_TASK_. Print each line exactly, from the one with "Echinocereus chisosensis" to the very last line of the listing, and keep the pictures out.

_DATA TO EXAMINE_.
═══
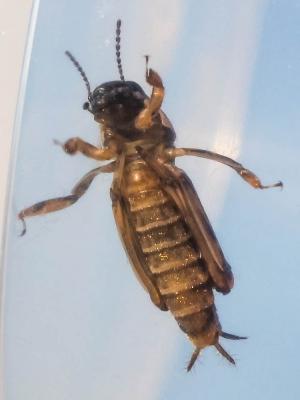 Tridactyle panaché, Tridactyle varié Xya variegata Latreille, 1809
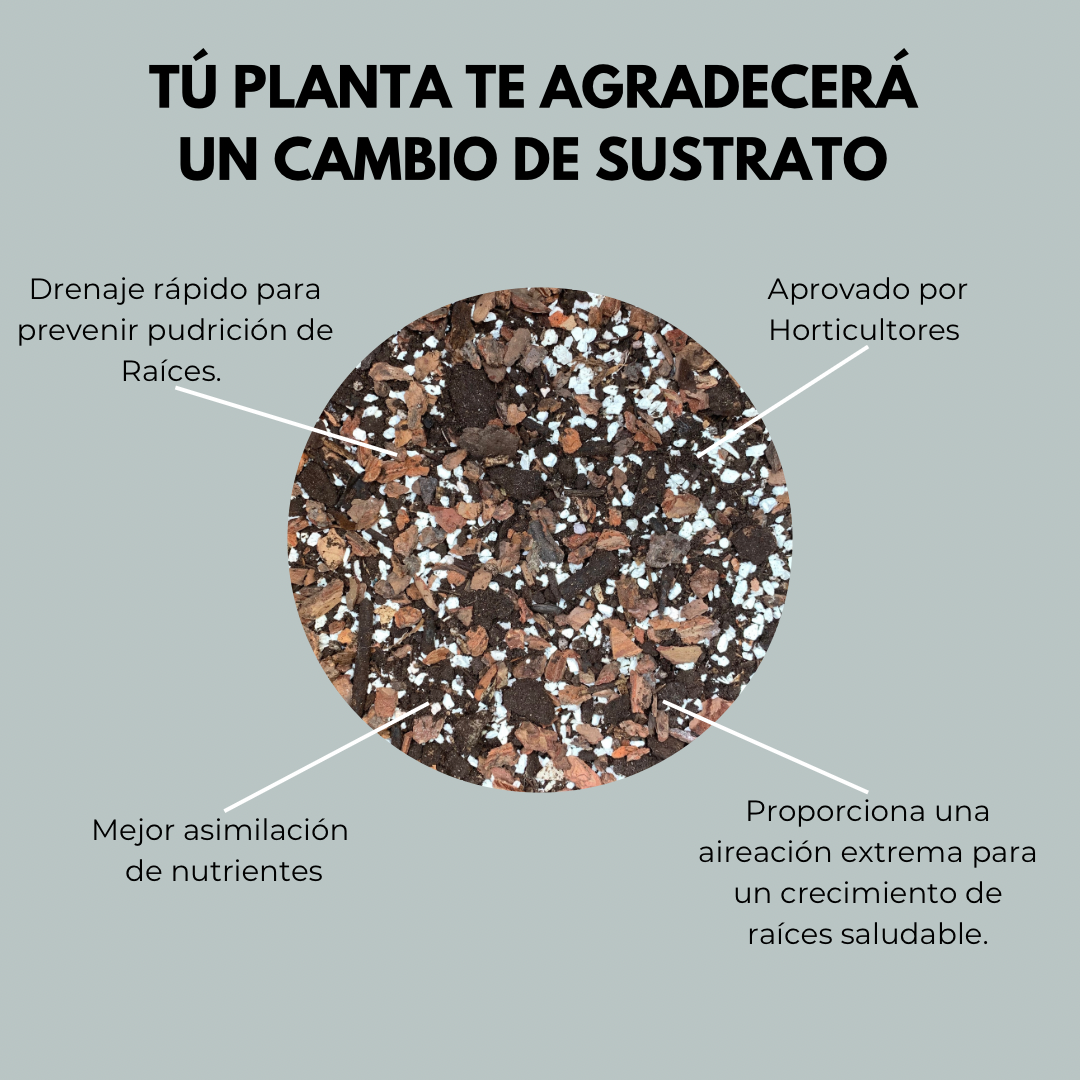 Sustrato Pro Mix - Sustrato para plantas de interiores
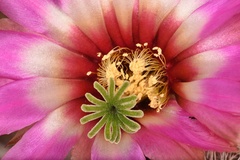 Echinocereus chisosensis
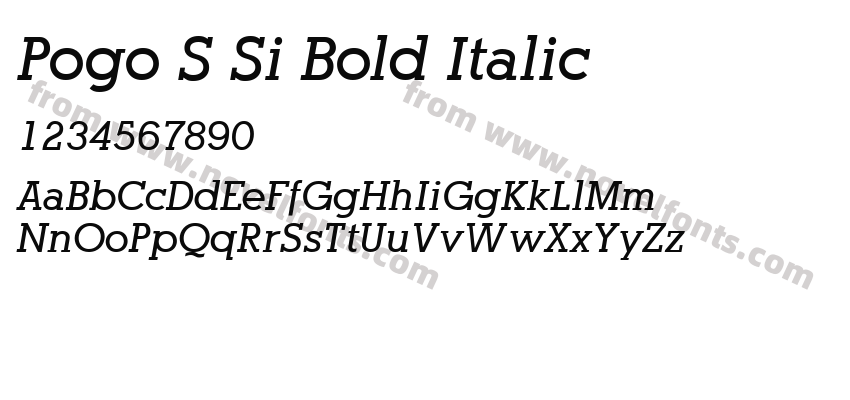 Pogo SSi Bold ItalicPreview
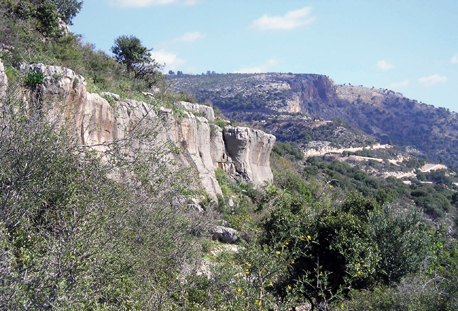 שביל הצניר.  צילום: ארכיון צילומי קק''ל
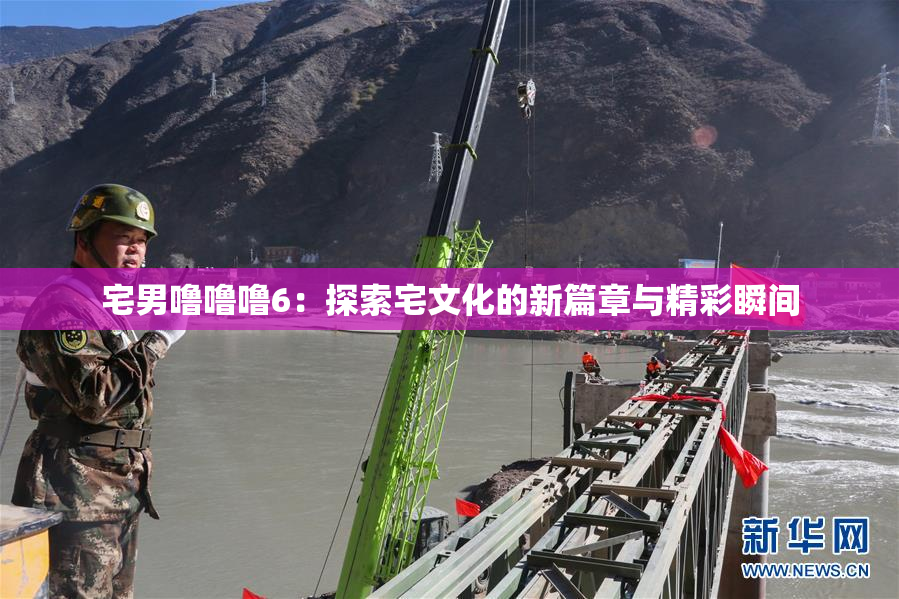 宅男噜噜噜6：探索宅文化的新篇章与精彩瞬间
═══
_ANSWER FOR THIS EXERCISE_.
 Echinocereus chisosensis
 Pogo SSi Bold ItalicPreview
 שביל הצניר.  צילום: ארכיון צילומי קק''ל
 宅男噜噜噜6：探索宅文化的新篇章与精彩瞬间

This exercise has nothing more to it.